** SOURCE MATERIAL follows **
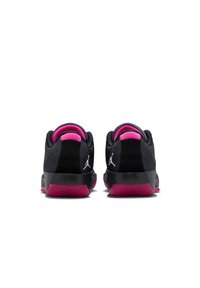 Zapatillas deportivas negras con parte superior texturizada y detalles en rosa. Cuenta con un talón negro sólido y suela de goma con un patrón de banda de rodadura rosa.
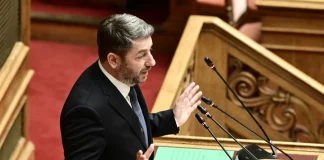 Ανδρουλάκης: Ο κ. Μητσοτάκης κάνει διευθετήσεις οικονομικών συμφερόντων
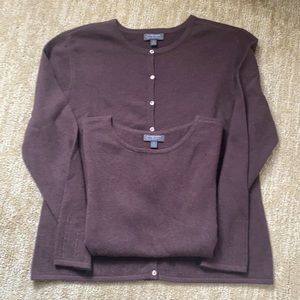 Cashmere sweater set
** End of SOURCE MATERIAL **
Pictures stay out. Write out everything else in the material exactly.

 Zapatillas deportivas negras con parte superior texturizada y detalles en rosa. Cuenta con un talón negro sólido y suela de goma con un patrón de banda de rodadura rosa.
 Ανδρουλάκης: Ο κ. Μητσοτάκης κάνει διευθετήσεις οικονομικών συμφερόντων
 Cashmere sweater set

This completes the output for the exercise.